C'est pourquoi il est problématique de parler d'un monde séculier au sens où nous l'entendons aujourd'hui – c'est-à-dire sécularisé – à propos du Moyen Âge. À cette époque, le Sæculum n'était pas un espace mais le temps précédant la fin des temps : sans doute, quelques problèmes plus mondains relevaient davantage de ce temps, mais ceci n'impliquait pas la note d' indifférence et de neutralité religieuses que nous-mêmes plaçons sous le terme de séculier. On peut même aller plus loin : les intérêts temporels et surnaturels étaient d'essence différente, mais tous deux possédaient un même caractère religieux car ils relevaient les uns comme les autres du jugement divin . P. Manent s'exprime trop comme si le séculier, le laïc, au sens où nous les entendons, ayant été écartés durant le Moyen Âge avaient lutté en permanence pour se faire reconnaître, attendant leur heure. Lui-même pourtant avance avec lucidité que le séculier, toujours au sens où nous l'entendons aujourd'hui, n'existe pas en dehors du libéralisme, ce qui signifie qu'avant l'avènement de ce dernier, il ne pouvait souffrir de ne pas parvenir à s'exprimer . (La même logique s'applique en matière de tolérance religieuse . Celle-ci non plus n'était pas mise à l'écart au Moyen Âge ; elle était tout simplement inconcevable et incompatible avec l'ordre social et politique de l'époque. Hormis le judaïsme — que la chrétienté, ainsi que l'islam, considérait comme un cas complexe et unique — aucun autre point de vue religieux ne cherchait à s'exprimer. Les hérésies étaient le fait de minorités elles-mêmes en quête d'hégémonie, et les formes qu'elles adoptèrent souvent — par exemple le catharisme — parurent menacer non seulement l'autorité de l'Église, mais aussi le caractère sacré du corps, le sens de notre vie sur terre, l'offre du salut pour tous ou encore la médiation générale du sacré par la nature, l'image, la parole et les événements.)

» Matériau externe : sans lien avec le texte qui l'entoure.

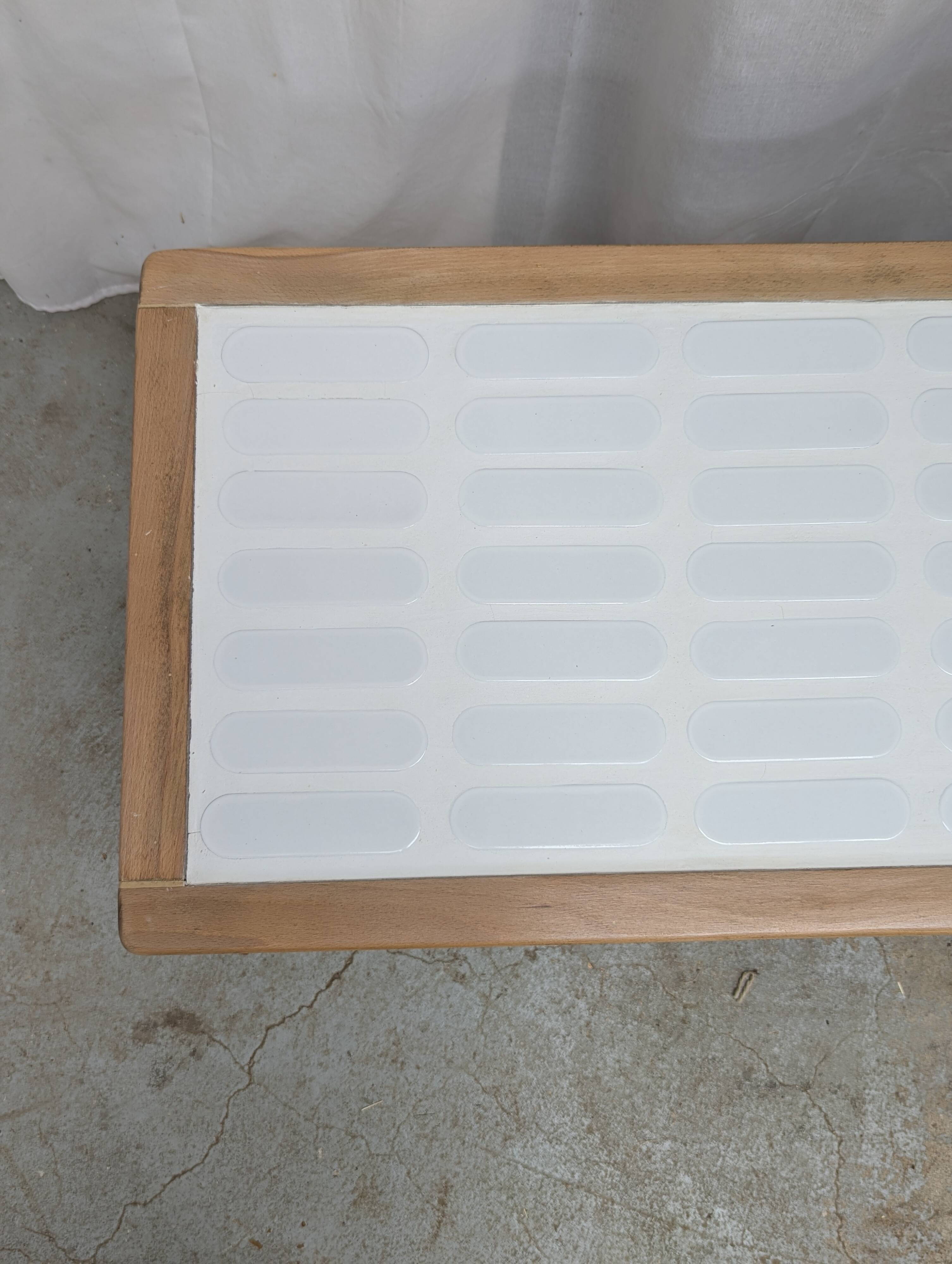 Tiled coffee table - Modern rounded tiling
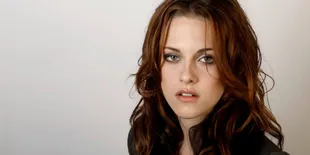 Makin Nakal, Kristen Stewart Merokok dan Tampil Super Seksi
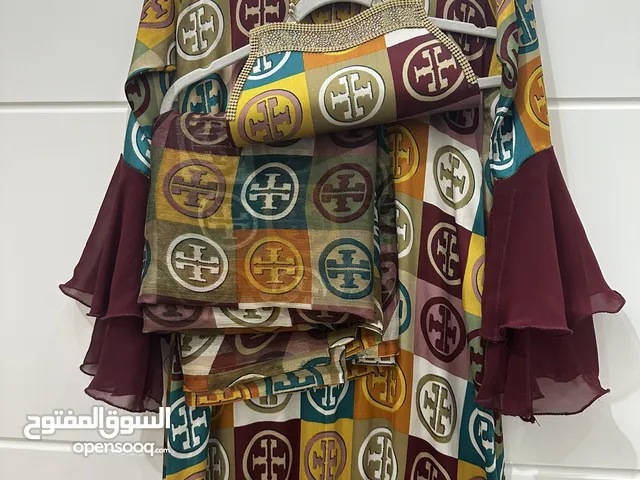 موديل راقي مع شيلة وشنطة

On trouve une illustration directe de ce qui vient d'être dit lorsque P. Manent prend pour exemple les cités républiques d'Italie. Pour lui, leur nature laïque, néo-païenne ne fait aucun doute : elles s'efforçaient d'échapper au contrôle de l'Église du fait qu'elles s'intéressaient essentiellement à des préoccupations séculières comme l'industrie, le commerce, la politique et la guerre. Mais de récentes recherches, par exemple celles de A. Thompson o.p., contredisent totalement cette thèse : les premières républiques italiennes ne furent pas fondées sur des modèles païens. Elles ressemblaient plutôt à des confréries de confréries : la liturgie baptismale conférait le droit de cité (ainsi qu'en attestent encore de nos jours les baptistères séparés des églises des villes italiennes), et leurs habitants participaient à la vie liturgique locale au même titre qu'ils participaient à la vie de la cité (à la physionomie bien souvent étonnamment démocratique) puisque ces dernières étaient imbriquées au point d'être inséparables. La méfiance à l'égard du pape et même du clergé n'aboutit pas ici à la sécularisation comme la piété moderne du conservateur français P. Manent le laisse entendre. De plus, l'apparition, avec Machiavel, d'une forme de république beaucoup plus calquée sur le modèle païen coïncida avec l'évolution vers des régimes de principauté et d'impérialisme local .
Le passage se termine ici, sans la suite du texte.